UCSC-REAL / negative-label-smoothing

[ICML2022 Long Talk] Official Pytorch implementation of "To Smooth or Not? When Label Smoothing Meets Noisy Labels"
116 stars 10 forks source link

:bug: Instability of training under negative smoothing values #3

Closed o-laurent closed 4 days ago

o-laurent commented 2 weeks ago

Hello!

Thanks for your work! Here is what happens when I train a ResNet on CIFAR-10 using a negative smooth-rate with the following command:

python3 main_GLS_direct_train.py --smooth_rate -1.0

I have used -1.0, and - unless mistaken - your paper mentions smooth-rates up (down) to -6.0 (see Table 3).

Actual noise 0.20
over all noise rate is  0.20076
building model...
building model done
Epoch [1/200], Iter [50/390], Loss: 4.4735
Epoch [1/200], Iter [100/390], Loss: -2.9571
Epoch [1/200], Iter [150/390], Loss: -7.3548
Epoch [1/200], Iter [200/390], Loss: 10.6610
Epoch [1/200], Iter [250/390], Loss: 29.8863
Epoch [1/200], Iter [300/390], Loss: 24.9580
Epoch [1/200], Iter [350/390], Loss: -24.6937
previous_best 0.0
test acc on test images is  12.7
Epoch [2/200], Iter [50/390], Loss: -5.3613
Epoch [2/200], Iter [100/390], Loss: -5.3274
Epoch [2/200], Iter [150/390], Loss: -77.6080
Epoch [2/200], Iter [200/390], Loss: -1549.1436
Epoch [2/200], Iter [250/390], Loss: -199.6069
Epoch [2/200], Iter [300/390], Loss: -16850.7461
Epoch [2/200], Iter [350/390], Loss: -2025.1484
previous_best 12.7
test acc on test images is  13.66
Epoch [3/200], Iter [50/390], Loss: -4315.8242
Epoch [3/200], Iter [100/390], Loss: 11547.2734
Epoch [3/200], Iter [150/390], Loss: 249404.2500
Epoch [3/200], Iter [200/390], Loss: -78784.7734
Epoch [3/200], Iter [250/390], Loss: -60295.2031
Epoch [3/200], Iter [300/390], Loss: 679887.3750
Epoch [3/200], Iter [350/390], Loss: 3432846.2500
previous_best 13.66

Is it the intended behavior? If not, what command should I run to train a model with a negative smoothing rate? Ideally, I would like to use your method in the "noise-free" setting.

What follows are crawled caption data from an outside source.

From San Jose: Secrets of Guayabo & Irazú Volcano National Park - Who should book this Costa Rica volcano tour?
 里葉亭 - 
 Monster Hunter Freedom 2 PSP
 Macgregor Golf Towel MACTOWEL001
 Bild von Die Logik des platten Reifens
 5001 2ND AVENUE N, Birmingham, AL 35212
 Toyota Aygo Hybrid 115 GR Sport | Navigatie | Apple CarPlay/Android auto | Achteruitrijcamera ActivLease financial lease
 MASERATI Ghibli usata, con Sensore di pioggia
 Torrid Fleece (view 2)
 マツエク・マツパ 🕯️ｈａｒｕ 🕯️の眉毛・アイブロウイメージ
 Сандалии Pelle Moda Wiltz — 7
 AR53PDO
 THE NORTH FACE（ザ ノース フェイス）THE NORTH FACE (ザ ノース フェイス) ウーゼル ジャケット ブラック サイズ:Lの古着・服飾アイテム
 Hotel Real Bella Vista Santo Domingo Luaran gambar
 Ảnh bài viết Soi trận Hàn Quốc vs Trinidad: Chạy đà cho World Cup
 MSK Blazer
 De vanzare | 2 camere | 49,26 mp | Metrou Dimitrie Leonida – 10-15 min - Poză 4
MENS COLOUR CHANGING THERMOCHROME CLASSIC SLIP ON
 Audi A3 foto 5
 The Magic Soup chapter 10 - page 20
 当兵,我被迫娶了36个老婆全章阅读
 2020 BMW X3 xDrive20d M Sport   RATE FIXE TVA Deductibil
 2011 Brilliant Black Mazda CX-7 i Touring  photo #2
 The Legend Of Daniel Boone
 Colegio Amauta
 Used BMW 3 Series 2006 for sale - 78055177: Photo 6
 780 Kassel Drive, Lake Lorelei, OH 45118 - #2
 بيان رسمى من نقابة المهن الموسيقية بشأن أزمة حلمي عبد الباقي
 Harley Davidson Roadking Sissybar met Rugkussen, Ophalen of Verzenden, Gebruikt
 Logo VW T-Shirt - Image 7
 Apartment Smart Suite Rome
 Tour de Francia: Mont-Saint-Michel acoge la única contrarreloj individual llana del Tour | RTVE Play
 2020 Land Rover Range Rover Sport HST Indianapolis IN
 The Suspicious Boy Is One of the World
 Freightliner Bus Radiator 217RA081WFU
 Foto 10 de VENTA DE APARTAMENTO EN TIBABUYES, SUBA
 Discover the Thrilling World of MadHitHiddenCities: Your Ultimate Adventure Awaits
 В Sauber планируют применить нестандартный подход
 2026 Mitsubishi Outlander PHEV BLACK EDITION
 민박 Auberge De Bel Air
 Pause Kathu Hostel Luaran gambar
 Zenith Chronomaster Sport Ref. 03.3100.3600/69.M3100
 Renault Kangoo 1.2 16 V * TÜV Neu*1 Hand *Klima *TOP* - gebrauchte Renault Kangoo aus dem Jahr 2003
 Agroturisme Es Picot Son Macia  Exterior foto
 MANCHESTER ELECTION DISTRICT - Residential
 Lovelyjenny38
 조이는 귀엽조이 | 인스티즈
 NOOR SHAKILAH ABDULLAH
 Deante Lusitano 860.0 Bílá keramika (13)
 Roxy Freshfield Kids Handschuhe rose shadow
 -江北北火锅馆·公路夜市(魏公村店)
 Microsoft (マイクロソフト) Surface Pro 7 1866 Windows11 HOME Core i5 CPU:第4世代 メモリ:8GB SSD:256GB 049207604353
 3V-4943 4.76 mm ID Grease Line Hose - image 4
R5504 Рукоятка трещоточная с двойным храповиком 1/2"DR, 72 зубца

I have looked at Appendix D.2 of your paper, which you mentioned in #1, but I don't find information that could help reproduce Table 3. I would be completely fine with an accuracy between 88% and 92% (mentioned in D.2), but it seems that - currently - the training itself diverges. Do you think that it could be due to different PyTorch versions?

Many thanks, and have a great day!

weijiaheng commented 4 days ago

As discussed in the paper, direct training with NLS could be unstable. This is mainly because NLS relies on a relatively well-pre-trained model. As a practical implementation, the training of NLS is recommended to warm up with the hard label setting and then proceed with negative labels in the later training stage. see here

o-laurent commented 4 days ago

Hello @weijiaheng,

Thank you for your answer! I have most likely misunderstood what was written in Appendix D.2. I'll try to use negative label-smoothing when fine-tuning from a pre-trained model, and I'll let you know by re-opening this issue if I still encounter some problems.